We need compassion-guided changes
If we use Walt Whitman’s “Be curious, not judgmental” we see things in a more compassionate, humane way.
It’s easy to feel superior… until we listen to the back stories. The histories of abuse and trauma. The health struggles. The amount of energy it takes for some people simply to get out of bed. The despair of constant food and housing insecurity.
I am confident you know some of these people even though all looks well from your perspective.
But it’s not my problem! This is part of the lie perpetuated by the “self-made” man myth. None of us are self-made. Not a single one.
But yes, it is your problem. And it is my problem. Because we are all in this together. And you, dear reader, are one event away from your life falling apart, through no fault of your own. And when it does, I hope you are supported by compassionate people and the proper resources to help.

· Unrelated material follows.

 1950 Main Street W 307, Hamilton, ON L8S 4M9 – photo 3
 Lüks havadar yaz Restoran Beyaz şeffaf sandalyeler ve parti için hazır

How do we address these issues? This is where I scratch my head and talk with women in my circle. We all agree something needs to be done. But what? And how?
I’m not sure. But I’m sure as hell going to be talking about this more.
Meanwhile, we women will continue doing what we do: holding the shit show together as best we can.
I would love to network with more women to brainstorm and vision cast for a better future, one where everyone’s needs are met. Not just for ourselves, but for everyone. Because there is enough for everyone’s needs… but not enough for the few driven by greed.
What about you? What challenges are you facing? And what solutions do you envision?